10. TO TAPER OR NOT TO TAPER?

This is one question never  asked in the benzo community. In fact it has become a taboo question. That is because tapering has now become the standard ‘one size fits all’ approach to benzo dependency. It can work effectively for many - including you. But for people who have been on benzos for years, and particularly on high doses,  it can also mean the sacrifice of many more years of their life to complete incapacitation and horrific withdrawal symptom - which may not even stop after they have competed a tapering regime and completely come off their drug. The other, more insidious danger of tapering is also that it allows Big Pharma and the psychiatric profession to pretend that benzo dependency has a 'simple' cure - and so isn’t the horrific problem it so often is.

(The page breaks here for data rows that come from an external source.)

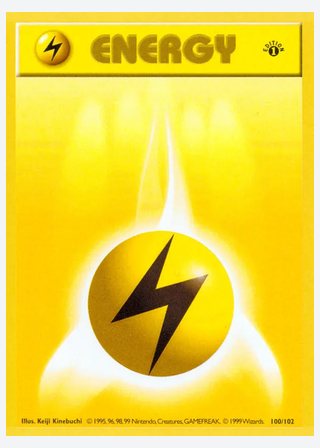 Lightning Energy — catalogusbeeld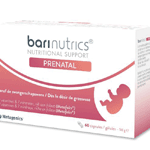 barinutrics prenatal, 60 capsules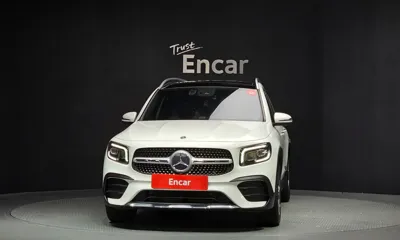Mercedes-Benz GLB-Class 2020, 126889 км, за 19557.32 USD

Finally,there is the grave danger that, even in the community of benzodiazepine victims, unwillingness or failure to taper becomes a stigma, making the individual feel flawed, weak or guilty.

FACTORS TO BE CONSIDERED IN THE DECISION TO TAPER

1. The intensity and severity of the withdrawal symptoms the individual experiences while still taking their benzo at their usual dose, for example inter-dose withdrawal symptoms resulting from so-called ‘tolerance’, i.e. reduced effectiveness of the drug at a given dose.

2.  The specific benzodiazepine taken by the individual and how high their daily dosage is.

3. The number of days, weeks, months or years the individual has been taking it.

4. The relative degree of loss to the individual’s quality of life resulting from
            (a) staying on the drug or
            (b) possibly suffering extreme and incapacitating withdrawal symptoms from tapering, which can last for years even after ‘successfully’ coming off the drug.        

5. The availability - or not - of face-to-face or 24-hour telephone counselling support, particularly during periods when the patient is experiencing extreme withdrawal symptoms due to tolerance.

6. The individual’s ability to use variety of methods from ‘mindfulness’ meditation or to alternative medications such as pure GABA or pregabalin) to deal with withdrawal symptoms and to successfully delay dose increases due to tolerance.  

7. The ability of the individual, despite periodic dose increases, to eventually arrive at and maintain a stable maximum or ‘ceiling’ dose with minimum impairment to physical health or cognitive ability.  

The trust that one can and will eventually reach a maximum ceiling dose in which symptoms of benzo dependency can be successsfully managed on  a daily basis is important. You will know it when that point is reached. It is no different in principle from the type of trust people are urged to have when going through extreme suffering during a tapering regime.   

NOTE: If you have become dependent on benzos through ‘recreational use’ follow the same advice given in this blueprint.